Until now, the concordance in the assessment of disease extent had not been evaluated, although other studies have been conducted regarding the variability in the diagnosis of ILD among different readers of tomography images, primarily using the Interstitial Lung Fibrosis Reporting and Data System (ILF-RADS), which is used to determine the likelihood of having a usual interstitial pneumonia pattern. In 2022, Alnaghy et al.14 found a high degree of agreement (Kappa=0.88) with this measurement, which was also very high for the different abnormalities in the tomography (Kappa=0.91). These results are similar to the current work, where despite relying on subjective assessment, the agreement among various readers is high. However, a later study in 2024, conducted by Elshetry et al.15 using the same instrument, found lower inter-observer agreement values (Kappa=0.44) although high for intra-observer assessments (Kappa=0.87), which are closer to our study. These studies support the evidence that tomographic evaluation in ILD, despite a clear subjective component, may not substantially affect the outcome when compared among various observers.
Regarding the study's limitations, we consider the lack of accurate measurement of the time used by each reader, which ranged from 5 to 15min, which could influence the readings, like a fragment of data that might be missing with possible importance.
During image selection, several patients (5%) with predominantly basal disease, spatially located below the last cut recommended by the Goh method, were found, which may influence the extension calculation by underestimating it. Similarly, differences in areas between apices and bases may affect the final extension calculation. So far, we do not have a standardized method for correcting these errors.
Additionally, specific measurements were not made according to the different types of abnormalities in the tomography (ground-glass opacities, reticular patterns, honeycombing), which makes it impossible to have data on the concordance in each of them in case there were anywhere the differences could be more pronounced.
ConclusionWe found that the estimation of interstitial disease extent by the Goh method correlates well among a diverse group of medical specialties, being higher when these have high experience compared to the gold standard. Furthermore, intra-observer correlation is very high for all evaluators, concluding that it is a practical and highly reproducible method for evaluating the extension of fibrosis findings in high-resolution tomographies.
CRediT authorship contribution statementThe authors’ contributions were in different stages of the study. LC contributed to patient and image collection and statistical analysis. SC, GG, and MC contributed to image collection, analysis, and article writing. MT, DG, YM, AN, JG, CR, WA, DO, and JD contributed to image analysis.

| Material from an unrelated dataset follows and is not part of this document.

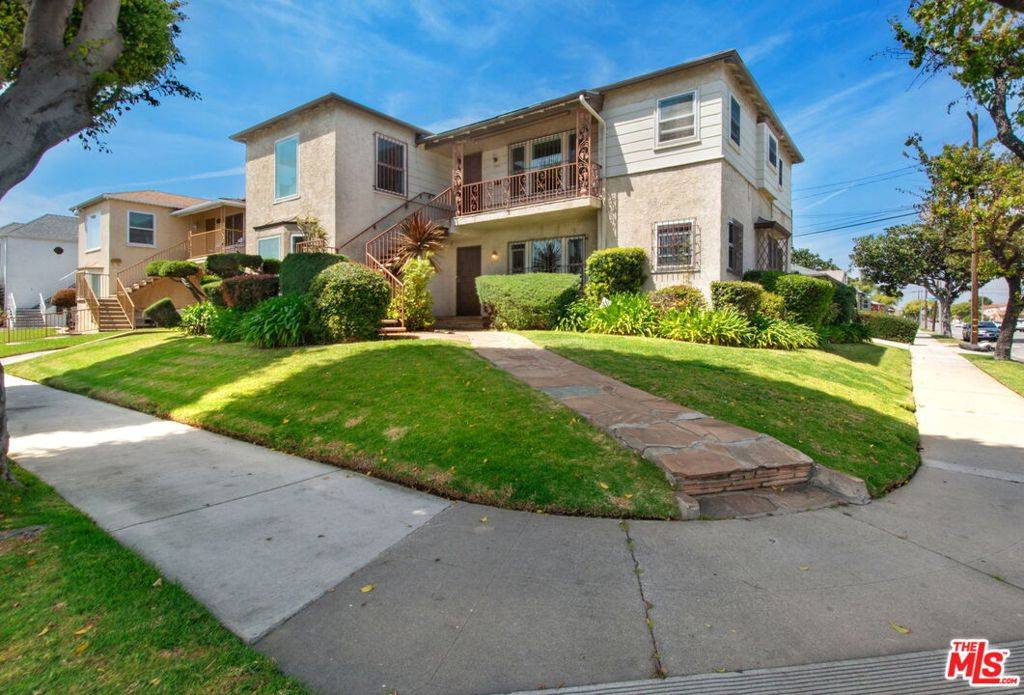 Inglewood, CA 90305,2901 W 85th ST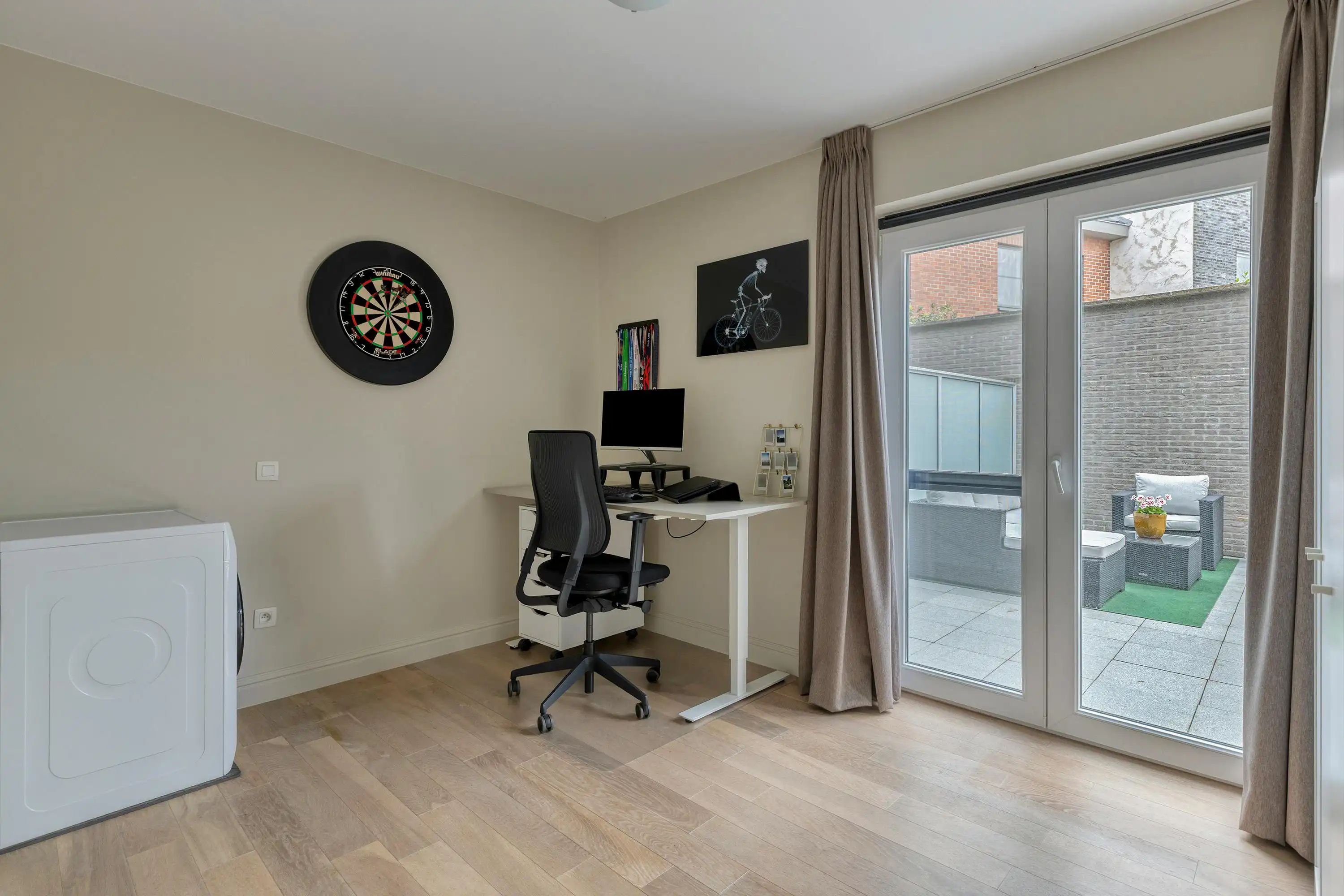 Lichtrijk appartement met 2 slaapkamers en ruime buitenruimte te Zwijnaarde foto 8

Ethical statementThis study obtained approval from an ethics committee according to the legal requirements of the site where it was conducted. Patients were informed and provided signed consent for using their data and images. The present study does not contain any person's data in any form.
FundingThe authors declare that they have no known competing financial interests or personal relationships that could have appeared to influence the work reported in this paper.
Conflicts of interestsThe authors declare that no conflicts of interest may be considered to influence the content of the manuscript directly or indirectly.